21 сентября 2020 г., 11:56:00

The pg_service.conf parsing thread [0] made me realize that we have a hardwired
line length of max 256 bytes.  Lifting this would be in line with recent work
for ecpg, pg_regress and pg_hba (784b1ba1a2 and 8f8154a50).  The attached moves
pg_service.conf to use the new pg_get_line_append API and a StringInfo to lift
the restriction. Any reason not to do that while we're lifting other such limits?

cheers ./daniel



[0] CABUevEw_RRRgG2uwsO7CD0TQf+Z=oR=S1=QyifV8D_5hatJ=oQ@mail.gmail.com

Вложения

0001-Remove-arbitrary-line-length-in-pg_service.conf-pars.patch

Re: Lift line-length limit for pg_service.conf

От

Tom Lane

Дата:

21 сентября 2020 г., 15:09:23

Daniel Gustafsson <daniel@yesql.se> writes:
> The pg_service.conf parsing thread [0] made me realize that we have a hardwired
> line length of max 256 bytes.  Lifting this would be in line with recent work
> for ecpg, pg_regress and pg_hba (784b1ba1a2 and 8f8154a50).  The attached moves
> pg_service.conf to use the new pg_get_line_append API and a StringInfo to lift
> the restriction. Any reason not to do that while we're lifting other such limits?

+1.  I'd been thinking of looking around at our fgets calls to see
which ones need this sort of work, but didn't get to it yet.

Personally, I'd avoid depending on StringInfo.cursor here, as the
dependency isn't really buying you anything.  Instead you could do

    line = linebuf.data;

just after the trim-trailing-whitespace loop and then leave the
"ignore leading whitespace too" code as it stands.

Also, the need for inserting the pfree into multiple exit paths kind
of makes me itch.  I wonder if we should change the ending code to
look like

exit:
    fclose(f);
    pfree(linebuf.data);

    return result;

and then the early exit spots would be replaced with "result = x;
goto exit".  (Some of them could use "break", but not all, so
it's probably better to consistently use "goto".)

            regards, tom lane

Re: Lift line-length limit for pg_service.conf

От

Daniel Gustafsson

Дата:

22 сентября 2020 г., 11:50:11

> On 21 Sep 2020, at 17:09, Tom Lane <tgl@sss.pgh.pa.us> wrote:
>
> Daniel Gustafsson <daniel@yesql.se> writes:
>> The pg_service.conf parsing thread [0] made me realize that we have a hardwired
>> line length of max 256 bytes.  Lifting this would be in line with recent work
>> for ecpg, pg_regress and pg_hba (784b1ba1a2 and 8f8154a50).  The attached moves
>> pg_service.conf to use the new pg_get_line_append API and a StringInfo to lift
>> the restriction.
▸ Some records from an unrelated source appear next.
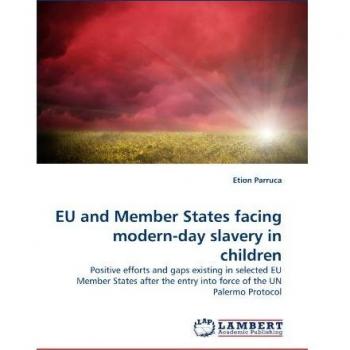 EU and Member States facing modern-day slavery in children: Positive efforts and gaps existing in selected EU Member States after the entry into force of the UN Palermo Protocol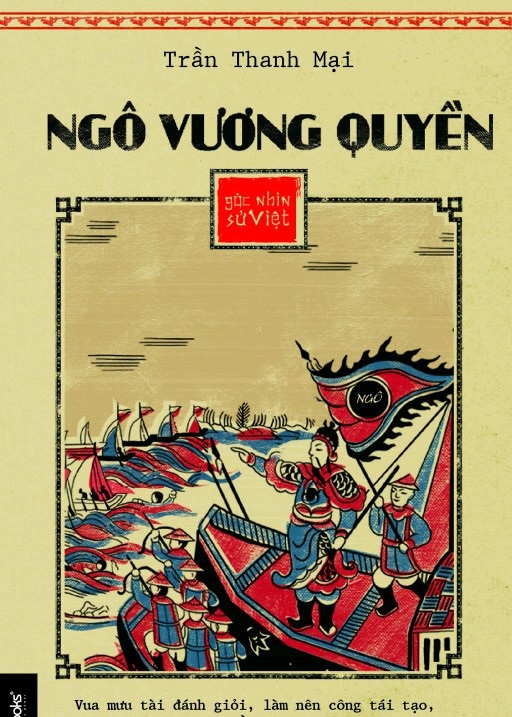 Góc Nhìn Sử Việt: Ngô Vương Quyền - Trần Thanh Mại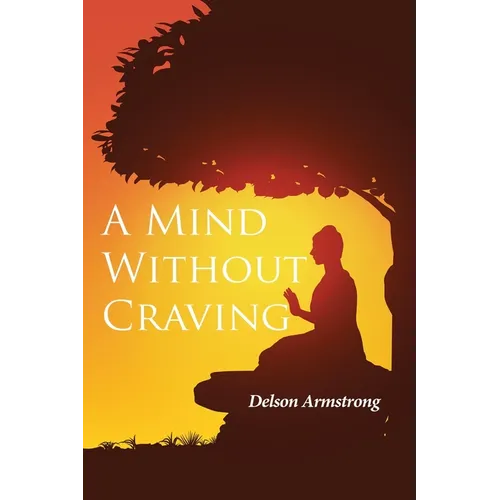 A Mind Without Craving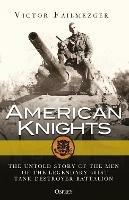 American Knights: The Untold Story of the Men of the Legendary 601st Tank Destroyer Battalion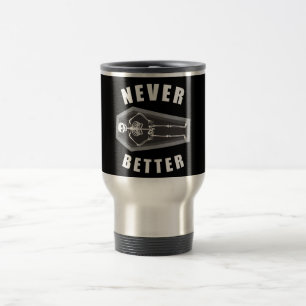 Never Better Dead Inside Skeleton Halloween Travel Mug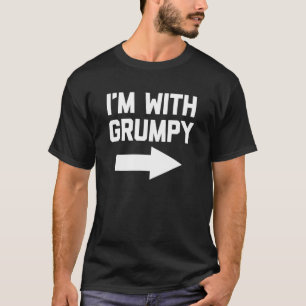 I'm With Grumpy   Saying Sarcastic  Cute Grumpy T-Shirt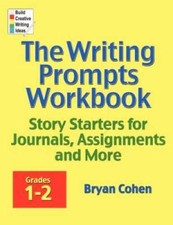 The Writing Prompts Workbook, Grades 1-2: Story Starters for Journal - VERY GOOD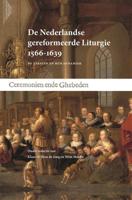 De Nederlandse gereformeerde Liturgie 1566-1639 (Hardback)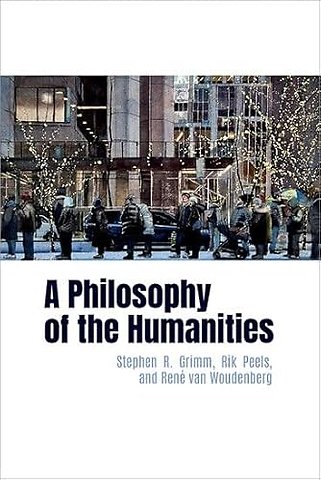 A Philosophy of the Humanities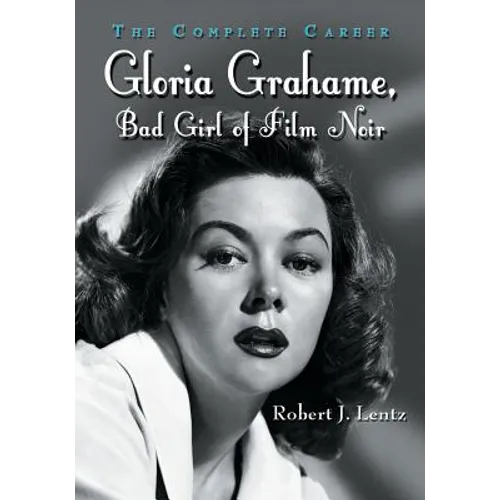Gloria Grahame, Bad Girl of Film Noir: The Complete Career - Paperback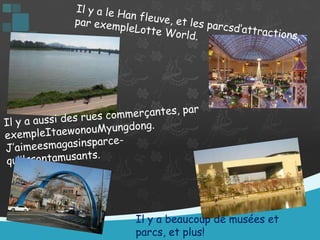 Il y a le Han fleuve, et les parcsd’attractions, par exempleLotte World. Il y a aussi des rues commerçantes, par exempleItaewonouMyungdong. J’aimeesmagasinsparce-qu’ilssontamusants.Il y a beaucoup de musées et parcs, et plus!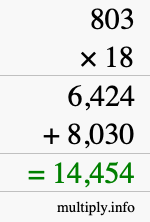 How to calculate 803 times 18 using long multiplication How to calculate 803 times 18 using long multiplication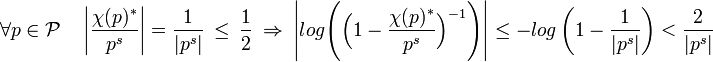 \forall p \in \mathcal P \quad \left| \frac {\chi(p)^*}{p^s} \right| = \frac1{|p^s|} \ \le \ \frac 12 \ \Rightarrow \ \left| log \Bigg( \Big(1 - \frac {\chi (p)^*}{p^s}\Big)^{-1} \Bigg) \right| \le - log \left(1 - \frac1{|p^s|}\right) < \frac2{|p^s|} 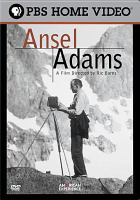 Ansel Adams : a documentary film /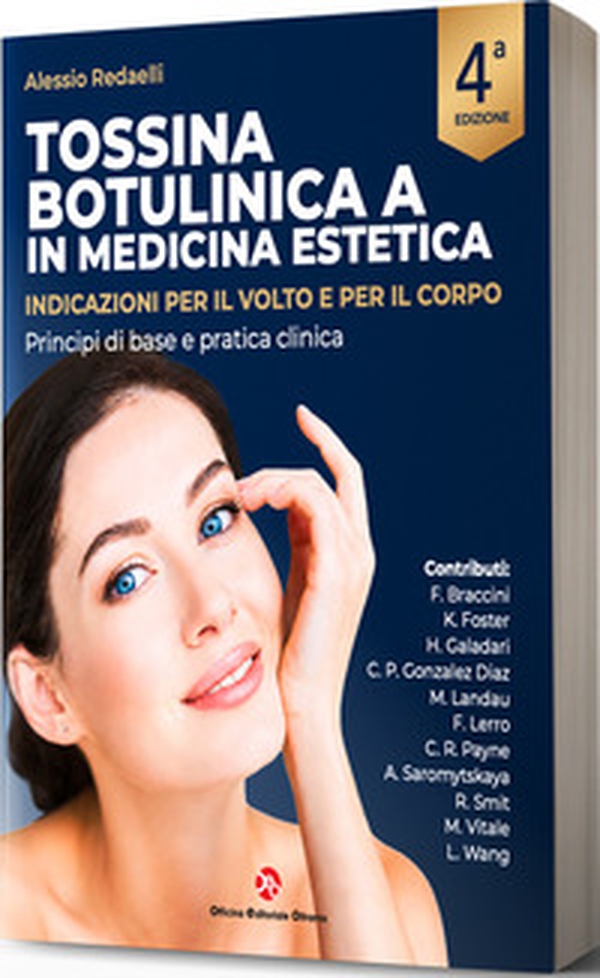 La tossina botulinica A in medicina estetica. Indicazioni per il volto e per il corpo - Librerie.coop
Any reason not to do that while we're lifting other such limits?
>
> +1.  I'd been thinking of looking around at our fgets calls to see
> which ones need this sort of work, but didn't get to it yet.

I took a quick look and found the TOC parsing in pg_restore which used a 100
byte buffer and then did some juggling to find EOL for >100b long lines.  There
we wont see a bugreport for exceeded line length, but simplifying the code
seemed like a win to me so included that in the updated patch as well.

> Personally, I'd avoid depending on StringInfo.cursor here, as the
> dependency isn't really buying you anything.

Fair enough, I was mainly a bit excited at finally finding a use for .cursor =)
Fixed.

> Also, the need for inserting the pfree into multiple exit paths kind
> of makes me itch.  I wonder if we should change the ending code to
> look like
>
> exit:
>     fclose(f);
>     pfree(linebuf.data);
>
>     return result;
>
> and then the early exit spots would be replaced with "result = x;
> goto exit".  (Some of them could use "break", but not all, so
> it's probably better to consistently use "goto".)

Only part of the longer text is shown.